The History Department was delighted to receive an update from Dr. Alex Borucki, a 2011 alumnus of the graduate program and Professor of History at the University of California Irvine. Read Borucki’s update below:
“I have worked in collaborative research since my days in Bowden Hall by witnessing the creation of the Slave Voyages website fifteen years ago, but I engaged in a radically different way of teamwork more recently.
“In 2021, the writer/cartoonist/marketing mastermind Gonzalo Eyherabide asked me for historical guidance because he was creating a graphic history, or historieta histórica in Spanish, about Joaquín Artigas, an African man who had fought in the wars of independence in the early 1800s Uruguay, and who was enslaved to the family of Uruguay’s founding father, José Artigas.

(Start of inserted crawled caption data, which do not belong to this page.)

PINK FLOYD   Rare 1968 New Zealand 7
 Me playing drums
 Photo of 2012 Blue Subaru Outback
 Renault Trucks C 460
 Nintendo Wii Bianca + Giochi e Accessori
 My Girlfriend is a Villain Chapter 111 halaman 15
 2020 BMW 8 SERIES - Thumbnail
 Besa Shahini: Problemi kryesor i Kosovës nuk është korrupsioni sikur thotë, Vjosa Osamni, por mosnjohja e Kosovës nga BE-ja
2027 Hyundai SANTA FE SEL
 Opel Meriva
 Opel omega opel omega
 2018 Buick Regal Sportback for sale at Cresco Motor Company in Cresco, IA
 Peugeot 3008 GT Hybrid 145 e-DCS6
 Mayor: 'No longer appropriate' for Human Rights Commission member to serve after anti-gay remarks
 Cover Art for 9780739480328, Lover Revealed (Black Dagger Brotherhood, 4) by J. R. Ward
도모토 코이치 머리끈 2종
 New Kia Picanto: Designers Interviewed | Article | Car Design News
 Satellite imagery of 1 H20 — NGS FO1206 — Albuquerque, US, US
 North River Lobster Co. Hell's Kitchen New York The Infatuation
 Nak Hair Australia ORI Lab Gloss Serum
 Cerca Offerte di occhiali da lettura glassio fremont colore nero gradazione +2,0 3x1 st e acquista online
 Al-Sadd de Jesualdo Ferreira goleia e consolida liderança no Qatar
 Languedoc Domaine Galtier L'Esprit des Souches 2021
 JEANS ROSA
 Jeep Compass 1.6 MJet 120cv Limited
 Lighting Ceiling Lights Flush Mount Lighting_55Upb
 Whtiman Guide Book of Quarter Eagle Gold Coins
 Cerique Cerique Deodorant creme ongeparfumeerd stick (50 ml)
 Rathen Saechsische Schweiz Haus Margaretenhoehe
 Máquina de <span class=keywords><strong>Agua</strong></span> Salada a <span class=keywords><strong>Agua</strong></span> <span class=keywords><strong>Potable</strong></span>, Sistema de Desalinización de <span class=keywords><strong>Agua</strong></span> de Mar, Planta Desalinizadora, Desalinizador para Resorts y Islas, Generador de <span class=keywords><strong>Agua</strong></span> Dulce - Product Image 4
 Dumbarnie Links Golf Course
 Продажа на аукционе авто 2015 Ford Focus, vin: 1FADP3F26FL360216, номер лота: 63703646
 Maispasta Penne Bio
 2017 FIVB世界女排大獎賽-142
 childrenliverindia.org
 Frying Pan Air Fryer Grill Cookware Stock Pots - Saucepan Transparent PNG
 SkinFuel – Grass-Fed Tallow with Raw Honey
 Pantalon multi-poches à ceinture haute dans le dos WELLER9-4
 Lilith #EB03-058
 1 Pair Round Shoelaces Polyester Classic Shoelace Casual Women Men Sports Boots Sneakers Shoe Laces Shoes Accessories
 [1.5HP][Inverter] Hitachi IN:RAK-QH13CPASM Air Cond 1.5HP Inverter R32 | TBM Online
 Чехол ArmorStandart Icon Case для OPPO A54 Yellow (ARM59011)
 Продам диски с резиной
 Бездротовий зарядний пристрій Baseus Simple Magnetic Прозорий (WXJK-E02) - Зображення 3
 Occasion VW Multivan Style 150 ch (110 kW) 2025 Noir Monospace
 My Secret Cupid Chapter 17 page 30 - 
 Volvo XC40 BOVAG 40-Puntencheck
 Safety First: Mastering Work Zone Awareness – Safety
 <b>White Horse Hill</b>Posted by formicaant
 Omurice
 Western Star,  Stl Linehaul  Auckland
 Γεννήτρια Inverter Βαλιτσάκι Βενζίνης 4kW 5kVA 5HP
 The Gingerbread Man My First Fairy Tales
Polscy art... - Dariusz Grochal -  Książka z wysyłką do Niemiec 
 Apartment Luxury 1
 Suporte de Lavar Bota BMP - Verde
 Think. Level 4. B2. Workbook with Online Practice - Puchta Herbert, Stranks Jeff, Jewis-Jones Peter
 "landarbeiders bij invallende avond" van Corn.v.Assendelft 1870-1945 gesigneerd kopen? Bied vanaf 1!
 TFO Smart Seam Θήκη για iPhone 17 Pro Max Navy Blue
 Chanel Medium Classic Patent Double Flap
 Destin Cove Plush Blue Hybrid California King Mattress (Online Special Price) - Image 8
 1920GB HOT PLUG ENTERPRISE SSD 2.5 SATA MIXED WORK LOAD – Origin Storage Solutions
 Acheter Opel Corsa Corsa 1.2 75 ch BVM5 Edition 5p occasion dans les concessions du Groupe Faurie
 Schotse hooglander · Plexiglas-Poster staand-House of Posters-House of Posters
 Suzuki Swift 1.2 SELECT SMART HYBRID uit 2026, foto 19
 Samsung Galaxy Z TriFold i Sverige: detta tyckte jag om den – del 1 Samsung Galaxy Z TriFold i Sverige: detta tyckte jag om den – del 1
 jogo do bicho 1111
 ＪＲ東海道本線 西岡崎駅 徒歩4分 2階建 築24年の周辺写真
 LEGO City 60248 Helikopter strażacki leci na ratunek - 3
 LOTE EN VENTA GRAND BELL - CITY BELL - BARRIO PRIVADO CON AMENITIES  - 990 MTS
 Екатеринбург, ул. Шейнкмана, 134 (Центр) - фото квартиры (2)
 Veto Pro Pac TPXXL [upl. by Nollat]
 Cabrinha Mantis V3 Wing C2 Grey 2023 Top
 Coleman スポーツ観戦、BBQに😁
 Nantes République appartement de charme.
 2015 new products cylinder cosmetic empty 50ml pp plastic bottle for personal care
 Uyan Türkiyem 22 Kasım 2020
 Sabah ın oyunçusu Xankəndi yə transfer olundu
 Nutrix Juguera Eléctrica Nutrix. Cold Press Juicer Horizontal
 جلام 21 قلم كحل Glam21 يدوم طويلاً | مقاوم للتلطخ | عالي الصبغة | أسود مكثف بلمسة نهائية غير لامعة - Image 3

“As a result of two years of emails and discussions, Gonzalo adapted my article about the U.S. slave ship Ascension to recreate the story of Joaquín’s enslavement in Mozambique (because we knew Joaquín was from there) and, subsequently, his forced crossing of the South Atlantic.
“Early in 2023, Artigas: Un Patriota sin Patria was published in Montevideo, selling 3000 copies in a semester, and a second edition was released by the end of 2023. I met Gonzalo while visiting Montevideo last December when he gifted me a copy of his beautiful work. He also drew on the first blank page of the book a fine depiction of me and him talking in the bar next to the Río de la Plata, or River Plate, where we usually met. He added this inscription: ‘Culture is and must be generosity and solidarity,’ which encapsulates some of the best collaborative research outcomes.”